Diesen Aufruf sollten die Politiker auch in Berlin beherzigen, denen es noch immer schwerfällt, den ukrainischen Freiheitskampf mit den bestmöglichen Waffen der Verteidigung zu versorgen. Mit der Ukraine steht die gesamte europäische Zukunft auf dem Spiel, auch die Freiheit in Deutschland. Natürlich fällt es Demokratien schwerer, „Zähne zu zeigen“. Mehrheiten müssen immer wieder gewonnen werden. Um die muss die Politik aber auch kämpfen wollen. Berlin überlässt es derzeit den Politikern der Grünen, auf den Ernst der Lage hinzuweisen. Der Bundeskanzler an der Spitze der Sozialdemokraten hat der deutschen Nation noch nicht klargemacht, dass unser Beitrag zum Überleben der Ukraine nicht nur im Waffenliefern besteht, sondern auch darin, auf Energie zu verzichten und damit womöglich auch auf eine warme Stube im Winter.

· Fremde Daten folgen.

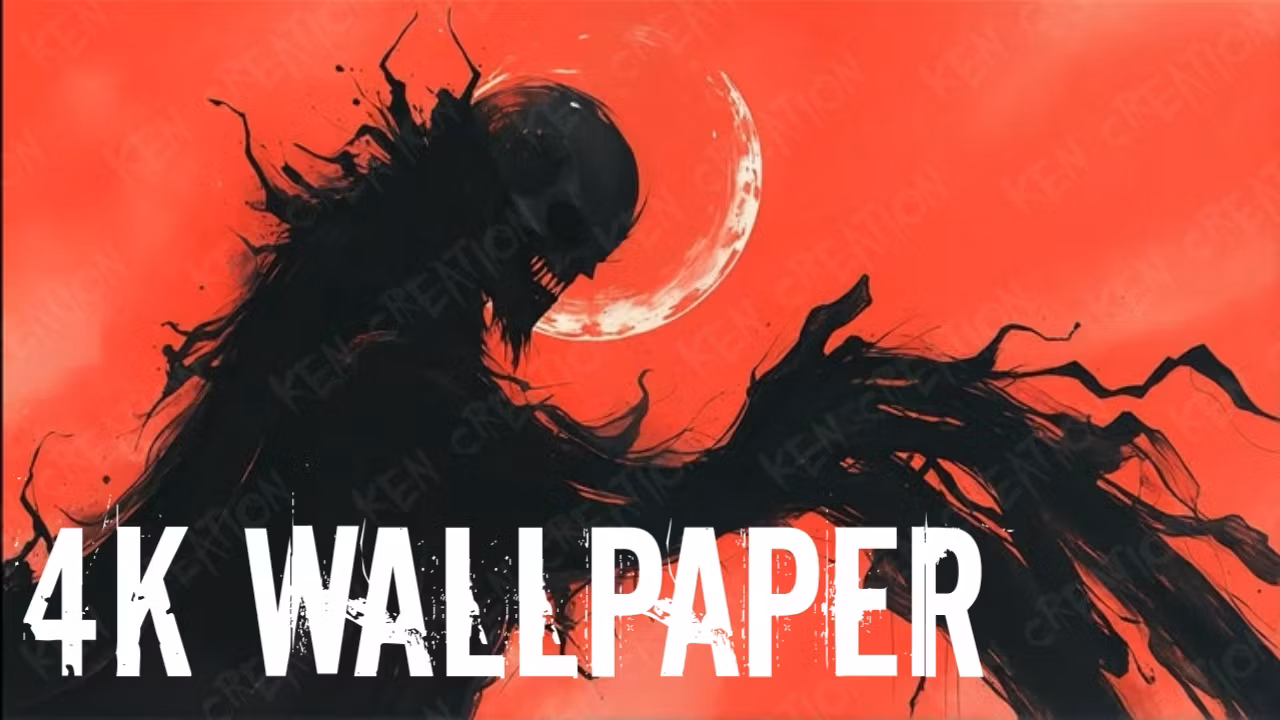 Blood Moon Demon 4K Wallpaper | Dark Fantasy Skull Illustration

Bisher werden vor allem die Haushalte geschützt und die Unternehmen, die die Energie brauchen, sollen allen voran verzichten. Tatsächlich müsste dafür geworben werden, dass wir alle, auch privat sparen. Wenn der FDP-Politiker Kubicki befindet, er lasse sich von niemandem sagen, wie lange er unter der Dusche stehen solle, dann klingt das nach liberalem Stolz, zeigt aber vor allem einen Mangel an Solidarität. Wir sollten im Winter weniger heizen – dafür aber Pullover tragen. Noch fehlt die große Rede von Bundepräsident Steinmeier, der den Bogen schlägt und deutlich macht, dass man auch heute Diktaturen nur besiegen kann, wenn man im Großen und Kleinen Solidarität zeigt und bereit ist, sich die Freiheit und Demokratie auch etwas kosten zu lassen. (jöb.)